The majority of Australia experiences temperate weather for most of the year.
The northern states of Australia are typically warm all the time, with the southern states experiencing cool winters but rarely sub-zero temperatures.
Snow falls on the higher mountains during the winter months, enabling skiing in southern New South Wales and Victorian ski resorts, as well as the smaller resorts in Australia's island state, Tasmania.
This means that the Australian Christmas takes place at the height of summer. It also means that the mid-year break for students happens in winter. The end of year break for students is commonly known as the 'summer holidays', or the 'Christmas holidays' students are thereby advised to shop in Australia so they can get the appropriate clothing for the seasons.
Accommodation in Australia can include homestays, halls of residence/dormitories, house share or private lodgings depending on the student’s preference or choice and the budget the said student has. Homestays involve staying with a host family who provide room and board as well as feeding and companionship during your schooling. These host families are registered with the school and staying with them can help students adapt faster to the Australian system
Halls of residence/ dormitories are provided by the school. Many universities have accommodation located on or near their campus. Room sizes vary in size and quality. Many have shared facilities (kitchens, toilets, showers, laundry). Some universities can offer shared or private rooms. There may be the option for meals plans that can be included in the cost of the room.
House share involves getting an apartment independently and this gives students privacy. If you prefer a more independent living environment the many universities can assist with arrangements. Private accommodation options have kitchen facilities, are often shared with other students. You would prepare your own meals as the cost of feeding is not included.
It is advisable that accommodation arrangements are made before travelling so as not to get stranded or pay extra fees concerning where to stay on arrival.
Why study in Australia
Studying in Australia promotes innovative, creative and independent thinking. You’ll learn to work as part of a team, to communicate effectively with others and to develop the practical skills and intellectual abilities you need for global success.
The Australian education system has a strong international reputation and is known for its effective structure and innovative policy developments. Many other countries, eager to improve their own education systems, turn to Australia for advice.
Australia offers an attractive lifestyle that is safe, stable and friendly. It has a very diverse multicultural society which helps international students quickly feel at home. You will benefit from a quality education and a good standard of living.
Upon graduating with a degree from Australia students are now allowed to work on the Post Study Work Visa scheme.

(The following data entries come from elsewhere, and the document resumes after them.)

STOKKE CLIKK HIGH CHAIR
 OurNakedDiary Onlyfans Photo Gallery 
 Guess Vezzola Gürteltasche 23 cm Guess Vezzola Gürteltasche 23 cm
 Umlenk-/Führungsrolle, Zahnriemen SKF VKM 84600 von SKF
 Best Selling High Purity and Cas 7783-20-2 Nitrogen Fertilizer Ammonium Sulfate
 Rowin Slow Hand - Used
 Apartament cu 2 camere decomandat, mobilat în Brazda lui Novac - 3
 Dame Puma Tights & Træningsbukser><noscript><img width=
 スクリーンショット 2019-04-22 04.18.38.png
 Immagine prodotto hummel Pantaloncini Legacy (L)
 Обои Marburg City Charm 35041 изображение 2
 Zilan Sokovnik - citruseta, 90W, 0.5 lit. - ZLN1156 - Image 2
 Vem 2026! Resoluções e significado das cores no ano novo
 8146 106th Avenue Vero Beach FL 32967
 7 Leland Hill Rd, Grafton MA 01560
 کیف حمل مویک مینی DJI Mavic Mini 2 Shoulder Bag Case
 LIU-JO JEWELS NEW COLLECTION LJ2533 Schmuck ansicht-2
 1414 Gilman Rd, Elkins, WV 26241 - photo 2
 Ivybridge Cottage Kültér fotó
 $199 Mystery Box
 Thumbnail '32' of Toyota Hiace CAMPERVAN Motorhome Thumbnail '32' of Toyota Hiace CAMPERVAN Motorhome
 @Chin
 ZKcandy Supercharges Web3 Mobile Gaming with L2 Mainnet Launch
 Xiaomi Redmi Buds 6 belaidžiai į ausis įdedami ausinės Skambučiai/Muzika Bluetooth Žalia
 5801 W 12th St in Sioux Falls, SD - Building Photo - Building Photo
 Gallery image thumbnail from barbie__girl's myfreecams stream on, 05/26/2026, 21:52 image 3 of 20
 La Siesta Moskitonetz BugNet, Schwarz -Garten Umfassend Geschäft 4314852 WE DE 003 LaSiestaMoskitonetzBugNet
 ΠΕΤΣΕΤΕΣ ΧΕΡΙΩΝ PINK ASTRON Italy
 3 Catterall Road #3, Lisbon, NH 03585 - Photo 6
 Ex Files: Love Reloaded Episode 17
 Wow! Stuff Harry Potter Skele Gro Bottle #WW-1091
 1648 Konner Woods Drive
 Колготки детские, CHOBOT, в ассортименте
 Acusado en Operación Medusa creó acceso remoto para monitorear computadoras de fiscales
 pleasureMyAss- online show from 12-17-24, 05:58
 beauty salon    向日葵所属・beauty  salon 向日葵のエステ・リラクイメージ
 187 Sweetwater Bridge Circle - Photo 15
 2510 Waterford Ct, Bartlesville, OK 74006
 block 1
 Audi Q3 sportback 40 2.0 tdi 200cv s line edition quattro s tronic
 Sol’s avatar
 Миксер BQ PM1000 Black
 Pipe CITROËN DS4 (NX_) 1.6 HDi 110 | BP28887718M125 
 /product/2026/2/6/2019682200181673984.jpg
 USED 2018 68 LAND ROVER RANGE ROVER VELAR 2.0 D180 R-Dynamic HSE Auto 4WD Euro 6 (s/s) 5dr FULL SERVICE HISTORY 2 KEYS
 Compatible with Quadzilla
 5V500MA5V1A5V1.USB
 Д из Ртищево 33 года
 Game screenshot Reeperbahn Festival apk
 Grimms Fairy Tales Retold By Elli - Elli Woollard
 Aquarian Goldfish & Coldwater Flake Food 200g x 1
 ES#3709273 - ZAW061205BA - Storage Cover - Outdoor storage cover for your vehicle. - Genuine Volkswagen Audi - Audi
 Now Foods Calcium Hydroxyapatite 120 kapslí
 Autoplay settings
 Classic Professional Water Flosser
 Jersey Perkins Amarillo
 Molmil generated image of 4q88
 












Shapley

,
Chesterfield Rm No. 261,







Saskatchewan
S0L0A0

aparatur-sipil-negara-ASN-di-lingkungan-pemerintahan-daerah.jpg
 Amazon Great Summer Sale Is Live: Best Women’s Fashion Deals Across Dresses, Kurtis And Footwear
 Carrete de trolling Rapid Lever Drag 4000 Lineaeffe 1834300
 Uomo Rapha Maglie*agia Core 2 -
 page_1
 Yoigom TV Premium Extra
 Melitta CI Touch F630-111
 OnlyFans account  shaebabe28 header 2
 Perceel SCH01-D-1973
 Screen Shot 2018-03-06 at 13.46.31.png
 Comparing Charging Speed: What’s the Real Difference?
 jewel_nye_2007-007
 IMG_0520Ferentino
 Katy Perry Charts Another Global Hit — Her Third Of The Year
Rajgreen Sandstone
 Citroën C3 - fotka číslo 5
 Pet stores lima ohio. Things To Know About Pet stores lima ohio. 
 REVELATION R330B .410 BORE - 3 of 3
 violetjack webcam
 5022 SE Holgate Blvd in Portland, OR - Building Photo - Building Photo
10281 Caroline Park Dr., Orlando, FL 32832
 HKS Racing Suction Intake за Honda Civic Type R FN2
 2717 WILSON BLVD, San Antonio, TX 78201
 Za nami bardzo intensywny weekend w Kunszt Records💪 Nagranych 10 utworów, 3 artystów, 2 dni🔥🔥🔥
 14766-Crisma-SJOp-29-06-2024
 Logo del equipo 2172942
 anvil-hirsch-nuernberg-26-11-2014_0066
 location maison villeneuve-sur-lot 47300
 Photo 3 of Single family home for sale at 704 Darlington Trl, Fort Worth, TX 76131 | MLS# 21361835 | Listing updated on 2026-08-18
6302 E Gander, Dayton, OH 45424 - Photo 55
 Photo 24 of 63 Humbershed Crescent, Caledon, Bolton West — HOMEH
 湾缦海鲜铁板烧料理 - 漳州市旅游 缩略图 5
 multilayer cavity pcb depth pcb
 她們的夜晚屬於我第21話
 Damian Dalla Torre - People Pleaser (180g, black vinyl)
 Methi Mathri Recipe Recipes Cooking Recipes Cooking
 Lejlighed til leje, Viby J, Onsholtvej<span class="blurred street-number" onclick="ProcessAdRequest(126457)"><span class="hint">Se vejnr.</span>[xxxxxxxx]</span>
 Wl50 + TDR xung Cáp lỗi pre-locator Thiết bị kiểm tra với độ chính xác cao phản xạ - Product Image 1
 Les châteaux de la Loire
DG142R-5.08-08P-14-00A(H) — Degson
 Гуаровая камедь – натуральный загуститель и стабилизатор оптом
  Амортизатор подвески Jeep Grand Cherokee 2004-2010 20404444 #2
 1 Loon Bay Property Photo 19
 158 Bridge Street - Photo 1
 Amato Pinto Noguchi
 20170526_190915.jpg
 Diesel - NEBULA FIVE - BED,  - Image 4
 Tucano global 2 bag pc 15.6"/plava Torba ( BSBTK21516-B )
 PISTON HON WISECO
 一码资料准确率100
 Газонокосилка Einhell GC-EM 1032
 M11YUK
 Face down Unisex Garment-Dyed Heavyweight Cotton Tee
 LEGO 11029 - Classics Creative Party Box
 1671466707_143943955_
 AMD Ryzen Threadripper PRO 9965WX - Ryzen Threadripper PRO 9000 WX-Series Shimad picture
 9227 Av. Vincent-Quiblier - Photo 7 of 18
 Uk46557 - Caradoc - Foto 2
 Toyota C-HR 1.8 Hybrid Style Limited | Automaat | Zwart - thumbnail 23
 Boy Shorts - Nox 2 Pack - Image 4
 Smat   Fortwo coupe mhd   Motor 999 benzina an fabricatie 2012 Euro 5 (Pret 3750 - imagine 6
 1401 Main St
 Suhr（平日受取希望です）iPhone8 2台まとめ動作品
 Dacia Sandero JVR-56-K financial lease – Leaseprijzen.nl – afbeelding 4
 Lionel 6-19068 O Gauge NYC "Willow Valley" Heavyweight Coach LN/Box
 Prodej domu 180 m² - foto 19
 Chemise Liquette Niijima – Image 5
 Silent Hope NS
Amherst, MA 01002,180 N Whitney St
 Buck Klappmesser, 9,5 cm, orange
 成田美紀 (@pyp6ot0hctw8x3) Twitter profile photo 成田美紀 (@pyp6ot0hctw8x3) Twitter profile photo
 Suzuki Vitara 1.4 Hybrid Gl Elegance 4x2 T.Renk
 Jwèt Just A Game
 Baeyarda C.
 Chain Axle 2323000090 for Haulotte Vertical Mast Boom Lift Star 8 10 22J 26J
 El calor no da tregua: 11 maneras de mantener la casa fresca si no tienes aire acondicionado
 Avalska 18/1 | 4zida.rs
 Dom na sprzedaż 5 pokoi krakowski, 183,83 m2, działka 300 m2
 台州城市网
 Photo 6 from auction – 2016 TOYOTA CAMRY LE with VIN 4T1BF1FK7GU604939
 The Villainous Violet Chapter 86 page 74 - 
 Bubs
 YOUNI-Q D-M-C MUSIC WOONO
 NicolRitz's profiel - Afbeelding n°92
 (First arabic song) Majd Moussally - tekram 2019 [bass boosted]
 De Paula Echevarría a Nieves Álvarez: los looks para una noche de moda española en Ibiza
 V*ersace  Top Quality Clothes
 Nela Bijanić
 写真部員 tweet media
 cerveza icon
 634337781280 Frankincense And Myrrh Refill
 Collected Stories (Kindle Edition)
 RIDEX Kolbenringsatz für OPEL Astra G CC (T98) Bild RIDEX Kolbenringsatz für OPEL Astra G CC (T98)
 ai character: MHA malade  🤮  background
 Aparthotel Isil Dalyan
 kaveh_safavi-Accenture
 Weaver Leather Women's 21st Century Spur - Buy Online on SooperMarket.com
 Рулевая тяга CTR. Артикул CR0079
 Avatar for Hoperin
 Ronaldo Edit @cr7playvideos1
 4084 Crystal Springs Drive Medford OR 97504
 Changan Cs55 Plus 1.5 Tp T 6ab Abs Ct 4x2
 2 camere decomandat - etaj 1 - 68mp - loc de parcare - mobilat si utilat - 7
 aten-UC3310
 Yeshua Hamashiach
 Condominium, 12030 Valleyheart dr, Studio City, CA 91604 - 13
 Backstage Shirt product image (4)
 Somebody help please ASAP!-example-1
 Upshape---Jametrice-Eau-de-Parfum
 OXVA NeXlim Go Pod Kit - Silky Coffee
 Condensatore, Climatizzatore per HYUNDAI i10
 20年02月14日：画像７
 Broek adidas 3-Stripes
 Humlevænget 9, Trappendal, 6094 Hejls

In certain cases there may be the opportunity for you to work in Australia if you have studied in a field in which you intend to work once you graduate. This is dependent on if the related occupation is on the Skilled Occupations List (SOL). The SOL is a list of skilled occupations that are in need in Australia. In general terms employment opportunities are good for international students graduating with qualifications in skill shortage subjects.
Tuition fees are internationally competitive which, combined with a reasonable cost of living compared to other Western economies, represents good value for money.